SOURCE MATERIAL:
*****
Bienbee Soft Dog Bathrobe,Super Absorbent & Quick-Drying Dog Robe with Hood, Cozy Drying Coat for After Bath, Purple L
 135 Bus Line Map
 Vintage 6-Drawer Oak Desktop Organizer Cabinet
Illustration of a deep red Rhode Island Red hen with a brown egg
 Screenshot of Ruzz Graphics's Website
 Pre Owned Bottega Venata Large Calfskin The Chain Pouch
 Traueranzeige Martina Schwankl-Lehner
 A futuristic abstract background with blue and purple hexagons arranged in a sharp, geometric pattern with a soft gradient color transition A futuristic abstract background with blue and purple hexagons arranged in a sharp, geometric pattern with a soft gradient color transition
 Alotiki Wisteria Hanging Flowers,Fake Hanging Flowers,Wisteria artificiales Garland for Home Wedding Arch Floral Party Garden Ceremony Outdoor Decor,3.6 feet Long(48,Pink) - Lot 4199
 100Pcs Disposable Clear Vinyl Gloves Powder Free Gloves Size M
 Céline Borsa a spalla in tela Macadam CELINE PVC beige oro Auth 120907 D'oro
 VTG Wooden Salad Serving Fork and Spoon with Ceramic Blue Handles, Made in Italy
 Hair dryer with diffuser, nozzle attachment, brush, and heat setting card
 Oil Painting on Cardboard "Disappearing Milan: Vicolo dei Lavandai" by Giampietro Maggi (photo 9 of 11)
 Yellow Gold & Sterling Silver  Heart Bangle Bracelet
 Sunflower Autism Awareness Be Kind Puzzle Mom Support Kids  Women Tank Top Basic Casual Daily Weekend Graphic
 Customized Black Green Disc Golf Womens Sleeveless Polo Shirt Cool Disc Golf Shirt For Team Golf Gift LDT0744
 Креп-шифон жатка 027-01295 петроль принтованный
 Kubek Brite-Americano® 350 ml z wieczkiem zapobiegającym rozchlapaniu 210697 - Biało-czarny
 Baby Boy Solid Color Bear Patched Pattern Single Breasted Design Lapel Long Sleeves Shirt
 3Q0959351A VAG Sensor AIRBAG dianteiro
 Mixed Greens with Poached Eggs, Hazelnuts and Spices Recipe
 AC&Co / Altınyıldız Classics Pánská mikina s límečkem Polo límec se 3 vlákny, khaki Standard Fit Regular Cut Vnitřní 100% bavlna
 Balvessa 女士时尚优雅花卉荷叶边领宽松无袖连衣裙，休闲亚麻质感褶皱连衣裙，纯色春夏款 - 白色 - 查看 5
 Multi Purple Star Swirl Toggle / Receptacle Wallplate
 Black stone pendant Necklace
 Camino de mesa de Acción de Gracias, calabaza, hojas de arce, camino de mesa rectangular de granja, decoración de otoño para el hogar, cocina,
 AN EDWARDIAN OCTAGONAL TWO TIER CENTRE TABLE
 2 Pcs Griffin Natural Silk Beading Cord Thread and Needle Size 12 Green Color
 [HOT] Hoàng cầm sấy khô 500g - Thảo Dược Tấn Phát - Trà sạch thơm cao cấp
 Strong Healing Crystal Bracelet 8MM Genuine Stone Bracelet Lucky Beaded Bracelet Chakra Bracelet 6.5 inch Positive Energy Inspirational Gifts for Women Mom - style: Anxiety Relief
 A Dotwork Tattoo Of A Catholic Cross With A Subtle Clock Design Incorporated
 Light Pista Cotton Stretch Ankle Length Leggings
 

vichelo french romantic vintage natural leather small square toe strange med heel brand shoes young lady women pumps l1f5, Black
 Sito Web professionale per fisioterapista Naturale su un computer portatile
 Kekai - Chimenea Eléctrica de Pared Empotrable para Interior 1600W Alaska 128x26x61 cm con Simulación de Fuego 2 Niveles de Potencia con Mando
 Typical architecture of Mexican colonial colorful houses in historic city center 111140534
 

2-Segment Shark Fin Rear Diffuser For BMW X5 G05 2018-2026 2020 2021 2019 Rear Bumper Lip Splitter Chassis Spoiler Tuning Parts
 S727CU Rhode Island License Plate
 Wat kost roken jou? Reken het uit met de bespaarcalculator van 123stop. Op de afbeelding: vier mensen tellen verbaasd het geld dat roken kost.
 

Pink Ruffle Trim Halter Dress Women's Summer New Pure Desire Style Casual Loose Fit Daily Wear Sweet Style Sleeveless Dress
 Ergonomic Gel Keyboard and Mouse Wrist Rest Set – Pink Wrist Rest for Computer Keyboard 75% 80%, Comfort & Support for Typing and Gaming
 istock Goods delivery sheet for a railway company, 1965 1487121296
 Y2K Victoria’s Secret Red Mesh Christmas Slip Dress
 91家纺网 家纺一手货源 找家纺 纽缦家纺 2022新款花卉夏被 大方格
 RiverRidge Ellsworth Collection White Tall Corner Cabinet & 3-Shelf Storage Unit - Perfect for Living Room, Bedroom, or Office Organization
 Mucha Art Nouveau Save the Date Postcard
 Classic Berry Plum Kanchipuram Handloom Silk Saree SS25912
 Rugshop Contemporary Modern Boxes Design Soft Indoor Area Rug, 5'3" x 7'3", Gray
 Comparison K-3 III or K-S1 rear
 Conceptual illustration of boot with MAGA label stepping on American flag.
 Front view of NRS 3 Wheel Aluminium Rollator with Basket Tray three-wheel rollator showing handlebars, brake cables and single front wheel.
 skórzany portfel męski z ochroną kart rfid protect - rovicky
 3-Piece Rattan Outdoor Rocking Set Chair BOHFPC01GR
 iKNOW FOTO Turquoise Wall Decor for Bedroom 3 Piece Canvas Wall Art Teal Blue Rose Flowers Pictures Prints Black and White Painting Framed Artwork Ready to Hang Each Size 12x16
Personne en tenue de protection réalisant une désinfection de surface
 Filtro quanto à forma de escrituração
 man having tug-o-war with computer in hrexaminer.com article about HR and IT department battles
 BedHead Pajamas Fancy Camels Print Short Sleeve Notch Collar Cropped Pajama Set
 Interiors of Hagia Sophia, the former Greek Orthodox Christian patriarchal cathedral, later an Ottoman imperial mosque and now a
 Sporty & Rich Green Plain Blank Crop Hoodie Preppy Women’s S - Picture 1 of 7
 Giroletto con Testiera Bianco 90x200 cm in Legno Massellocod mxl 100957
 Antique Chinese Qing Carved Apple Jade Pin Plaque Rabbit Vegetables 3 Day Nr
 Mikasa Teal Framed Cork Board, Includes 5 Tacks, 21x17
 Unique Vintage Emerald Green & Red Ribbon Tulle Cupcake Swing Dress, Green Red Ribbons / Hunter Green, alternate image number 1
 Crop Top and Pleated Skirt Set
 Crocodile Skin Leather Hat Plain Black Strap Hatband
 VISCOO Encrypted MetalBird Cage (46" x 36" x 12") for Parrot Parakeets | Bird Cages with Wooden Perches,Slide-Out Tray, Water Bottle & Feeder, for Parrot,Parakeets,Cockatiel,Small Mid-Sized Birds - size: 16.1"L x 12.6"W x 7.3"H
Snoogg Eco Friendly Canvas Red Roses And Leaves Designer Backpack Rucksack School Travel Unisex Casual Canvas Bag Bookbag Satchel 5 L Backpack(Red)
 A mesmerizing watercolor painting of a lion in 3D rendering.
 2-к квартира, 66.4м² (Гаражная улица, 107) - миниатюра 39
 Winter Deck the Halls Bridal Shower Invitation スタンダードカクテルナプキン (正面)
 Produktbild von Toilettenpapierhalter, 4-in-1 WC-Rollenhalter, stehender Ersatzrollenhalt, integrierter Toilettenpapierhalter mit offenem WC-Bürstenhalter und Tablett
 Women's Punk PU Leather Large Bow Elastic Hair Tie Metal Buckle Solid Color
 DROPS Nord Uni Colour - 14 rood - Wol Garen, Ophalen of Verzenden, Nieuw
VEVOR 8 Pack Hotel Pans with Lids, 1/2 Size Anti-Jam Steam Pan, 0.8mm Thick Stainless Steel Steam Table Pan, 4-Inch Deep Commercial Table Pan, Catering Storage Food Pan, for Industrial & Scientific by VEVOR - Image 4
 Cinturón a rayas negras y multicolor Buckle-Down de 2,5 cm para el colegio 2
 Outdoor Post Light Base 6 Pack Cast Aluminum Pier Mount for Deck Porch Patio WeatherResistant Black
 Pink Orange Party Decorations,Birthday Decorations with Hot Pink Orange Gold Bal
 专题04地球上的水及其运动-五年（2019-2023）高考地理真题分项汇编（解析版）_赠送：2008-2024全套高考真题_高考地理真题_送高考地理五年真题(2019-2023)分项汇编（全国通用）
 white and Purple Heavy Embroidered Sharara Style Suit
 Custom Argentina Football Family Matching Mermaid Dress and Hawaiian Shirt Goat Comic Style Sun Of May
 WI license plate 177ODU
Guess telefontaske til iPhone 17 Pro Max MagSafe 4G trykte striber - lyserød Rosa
*****
PROBLEM REQUIREMENTS:
Among the entries above, find the line with "Wat kost roken" and the line with "Conceptual illustration of"; give again exactly these two lines and all lines between them.

SOLUTION TO THE PROBLEM:
 Wat kost roken jou? Reken het uit met de bespaarcalculator van 123stop. Op de afbeelding: vier mensen tellen verbaasd het geld dat roken kost.
 

Pink Ruffle Trim Halter Dress Women's Summer New Pure Desire Style Casual Loose Fit Daily Wear Sweet Style Sleeveless Dress
 Ergonomic Gel Keyboard and Mouse Wrist Rest Set – Pink Wrist Rest for Computer Keyboard 75% 80%, Comfort & Support for Typing and Gaming
 istock Goods delivery sheet for a railway company, 1965 1487121296
 Y2K Victoria’s Secret Red Mesh Christmas Slip Dress
 91家纺网 家纺一手货源 找家纺 纽缦家纺 2022新款花卉夏被 大方格
 RiverRidge Ellsworth Collection White Tall Corner Cabinet & 3-Shelf Storage Unit - Perfect for Living Room, Bedroom, or Office Organization
 Mucha Art Nouveau Save the Date Postcard
 Classic Berry Plum Kanchipuram Handloom Silk Saree SS25912
 Rugshop Contemporary Modern Boxes Design Soft Indoor Area Rug, 5'3" x 7'3", Gray
 Comparison K-3 III or K-S1 rear
 Conceptual illustration of boot with MAGA label stepping on American flag.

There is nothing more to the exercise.